Paul Bocuse Death Hoax Takes Over Twitter

 

Late on Sunday evening, the food Twitterverse in America exploded with rumors and a purported obituary that legendary chef Paul Bocuse passed away. Except he totally didn’t. Seriously. It’s a hoax! (Nor did Joel Robuchon and Alain Passard hold a lookalike contest to find his replacement.)

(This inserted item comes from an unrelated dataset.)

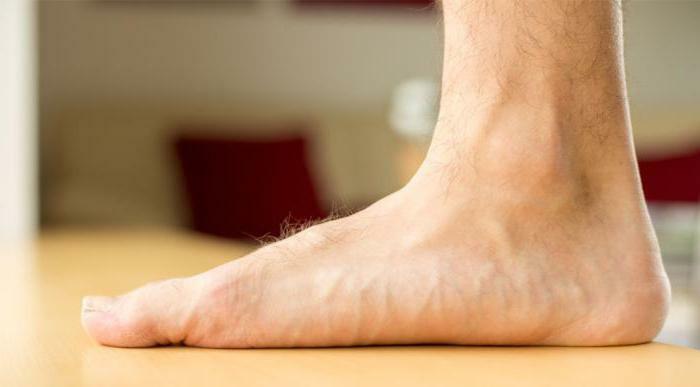 øvelser med flatfoot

After noticing that none of the major newspapers in France carried the story — which they would, since Bocuse is the Steve Jobs of French cuisine — food writer Elizabeth Auerbach, who was in France at the time, confirmed with his eponymous restaurant that Paul was not dead. “They’re very unhappy with the rumours [sic] on Twitter about his death,” she reported. Paul Bocuse would have been 86 this year, and probably will be 86, because he is TOTALLY NOT DEAD.

That didn’t stop famous chefs, from Andrew Zimmern to Scott Conant, from instinctively retweeting the news and eulogizing France’s paradigm-shifting chef. Hey, it’s not like this type of Twitter news flash hasn’t happened before.

But when the news broke that it was a hoax perpetrated by a site called Necro-pedia, a wiki where a bunch of tasteless people write anticipatory obituaries of celebrities (and also may infect your computer with malware), the public mourning turned into an angry tweet mob.

Eli Kirschtein and Conant (who deleted his offending tweet) both called the rumor “terrible” and “horrible“. Zimmern, who had many fond memories of the chef and his food, tweeted harsher words. “What a bunch of fuckwits. Contemptible.”

So everyone: please, please, please put away your tributary Instagram tweets of you cooking sole meuniere, and stop reading his cookbook backwards to look for hidden messages confirming his death. Instead let’s follow David Chang’s suggestion on how to deal with the entire thing: “Instead of bad Bocuse rumors, let’s ruminate on this.”